> **Data for review**
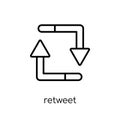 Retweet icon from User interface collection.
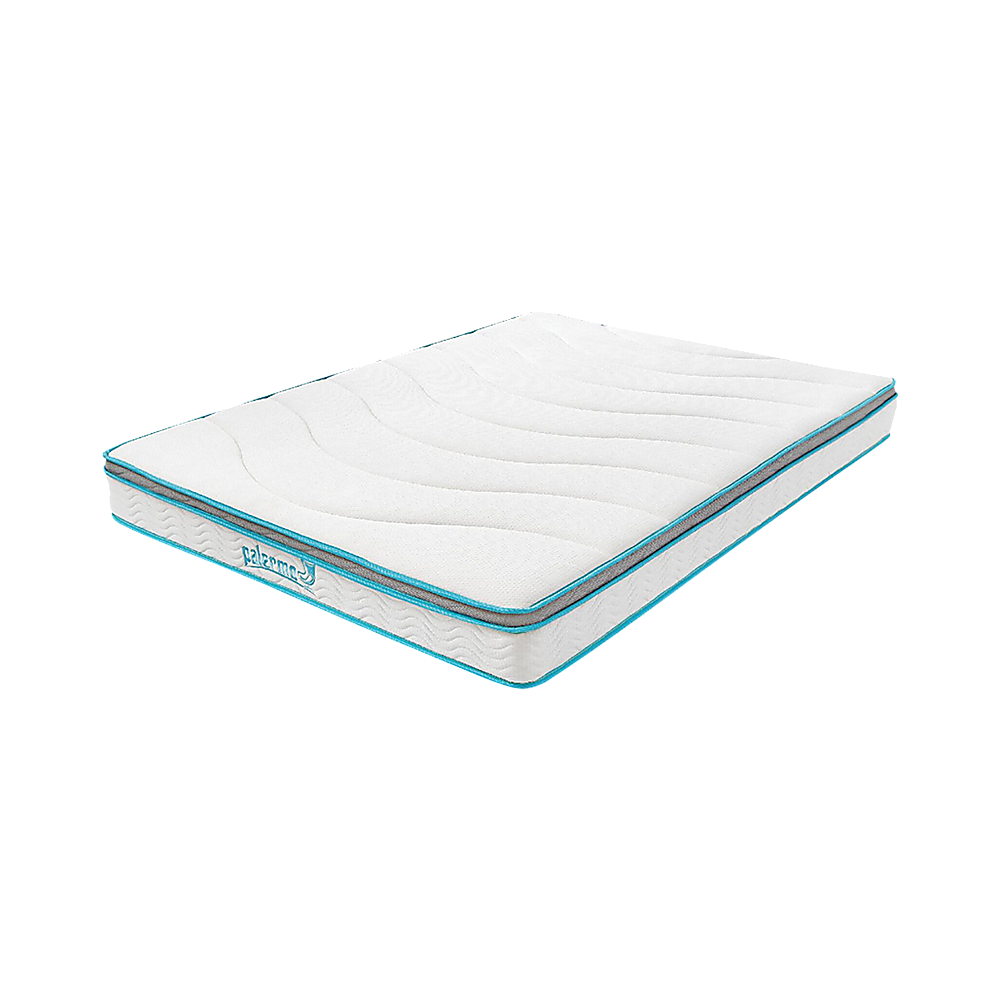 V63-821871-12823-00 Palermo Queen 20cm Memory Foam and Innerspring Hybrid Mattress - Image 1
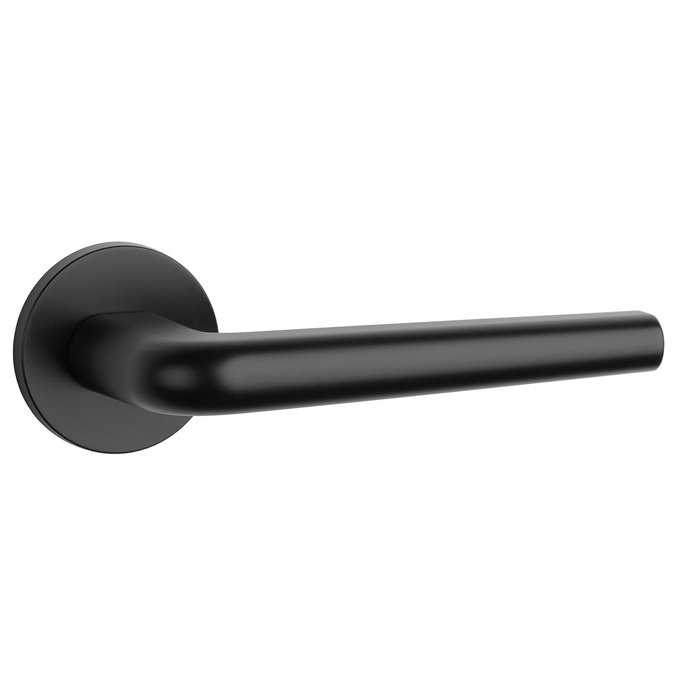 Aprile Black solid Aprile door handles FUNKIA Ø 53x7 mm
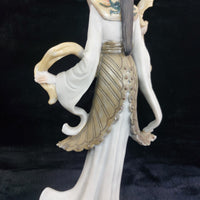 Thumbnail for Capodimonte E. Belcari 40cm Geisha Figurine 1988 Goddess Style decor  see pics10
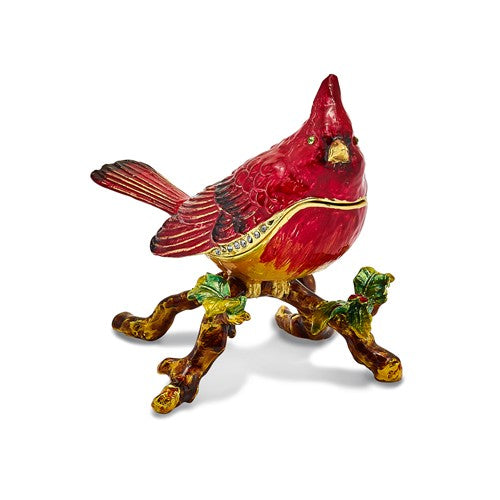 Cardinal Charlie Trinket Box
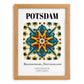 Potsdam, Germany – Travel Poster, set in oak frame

> **Requirement**
Copy nothing but the lines above from the one with "Thumbnail for Capodimonte" through the end of the material, word for word, and drop the pictures.

> **Written response**
 Thumbnail for Capodimonte E. Belcari 40cm Geisha Figurine 1988 Goddess Style decor  see pics10
 Cardinal Charlie Trinket Box
 Potsdam, Germany – Travel Poster, set in oak frame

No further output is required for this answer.